TASK TO COMPLETE: Range to reproduce from the entries below: the line with "80’s Vintage Floral", the line with "Lightning signs 3d.", and every line in between. Give them exactly and give nothing else.

AVAILABLE DATA:
=== Section Start ===

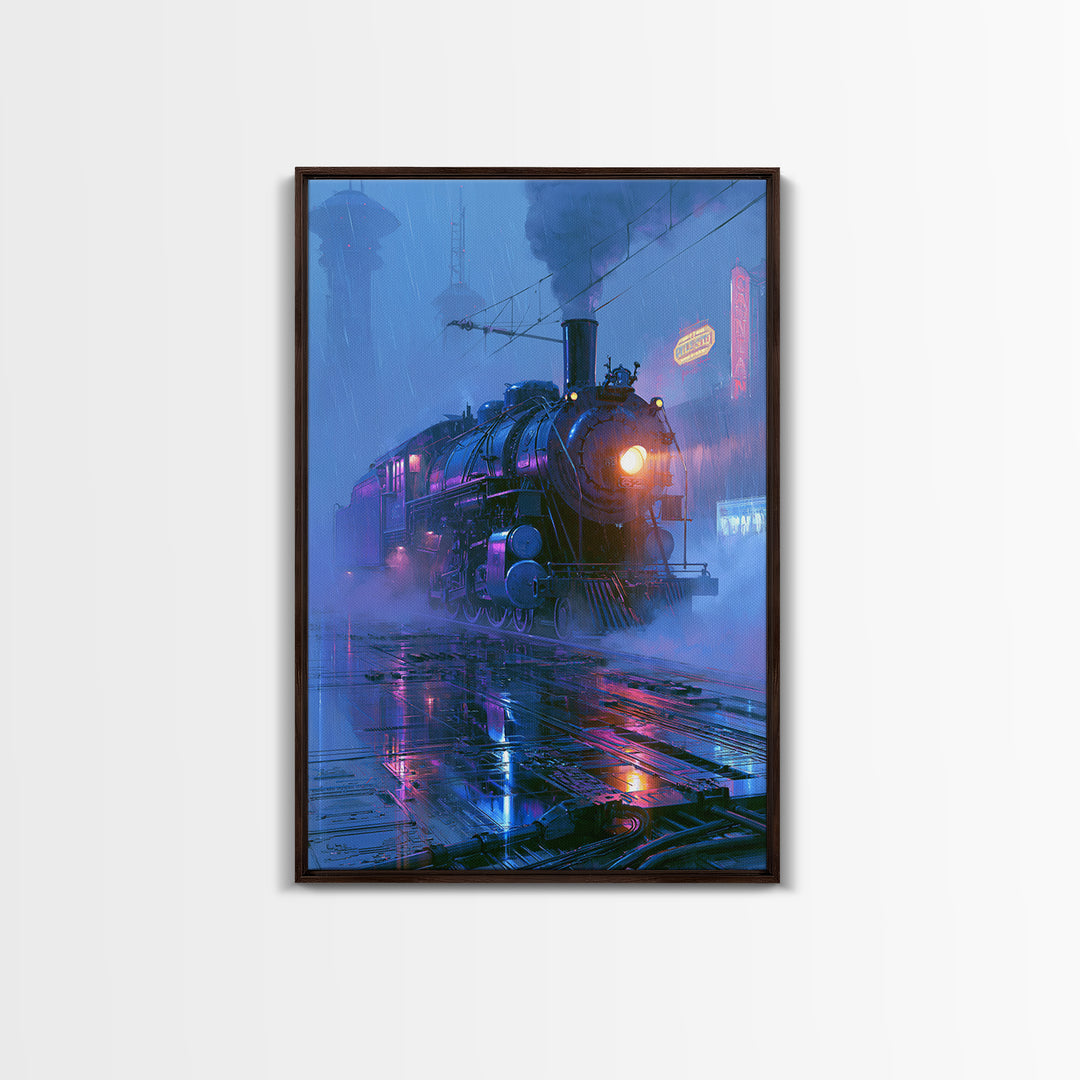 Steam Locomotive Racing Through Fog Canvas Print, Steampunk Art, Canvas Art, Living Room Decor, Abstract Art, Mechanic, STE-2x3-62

=== Section End ===
=== Section Start ===

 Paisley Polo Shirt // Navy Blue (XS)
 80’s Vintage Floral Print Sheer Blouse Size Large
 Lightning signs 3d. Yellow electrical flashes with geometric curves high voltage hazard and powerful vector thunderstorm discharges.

=== Section End ===
=== Section Start ===

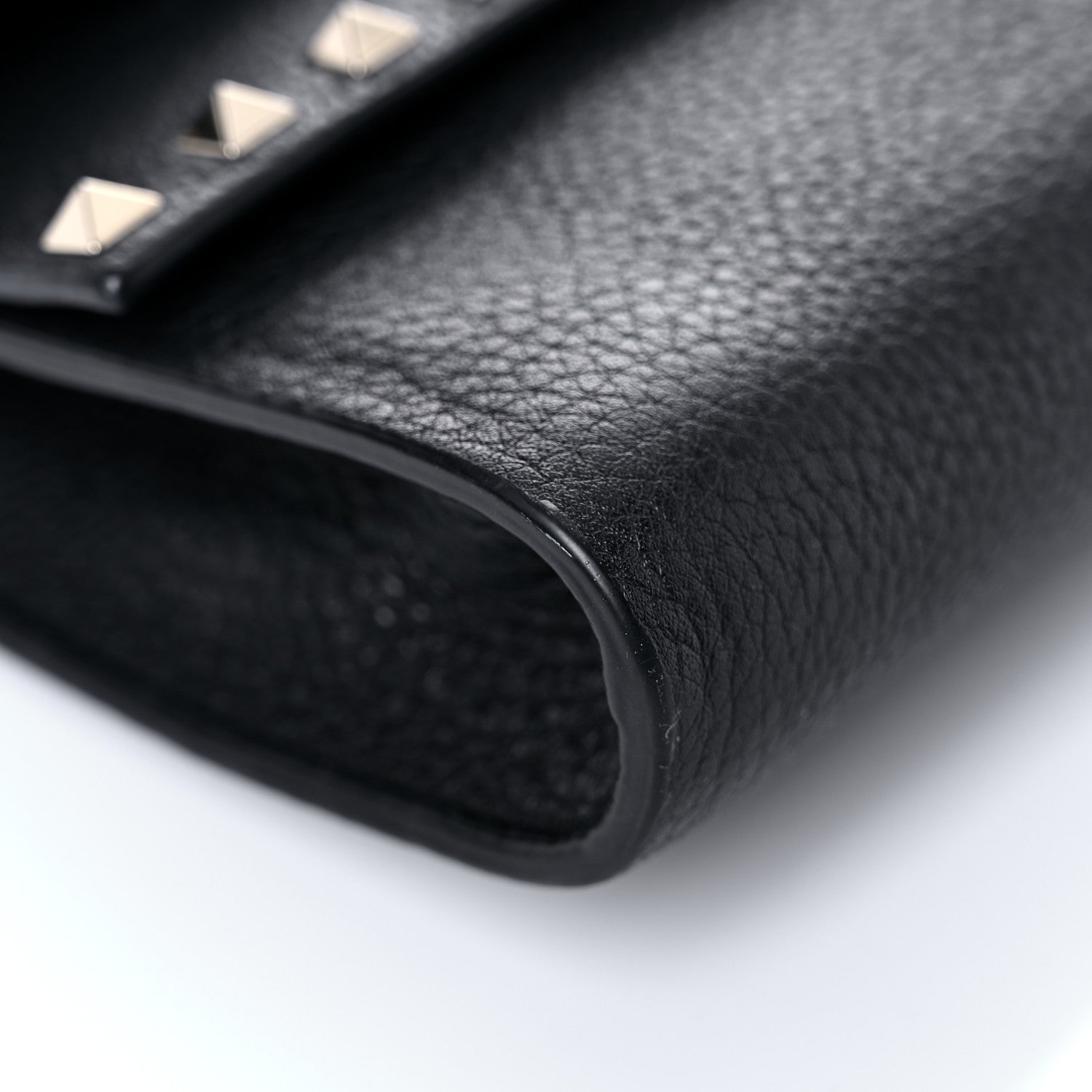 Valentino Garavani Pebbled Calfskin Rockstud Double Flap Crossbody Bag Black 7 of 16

=== Section End ===

EXERCISE SOLUTION:
 80’s Vintage Floral Print Sheer Blouse Size Large
 Lightning signs 3d. Yellow electrical flashes with geometric curves high voltage hazard and powerful vector thunderstorm discharges.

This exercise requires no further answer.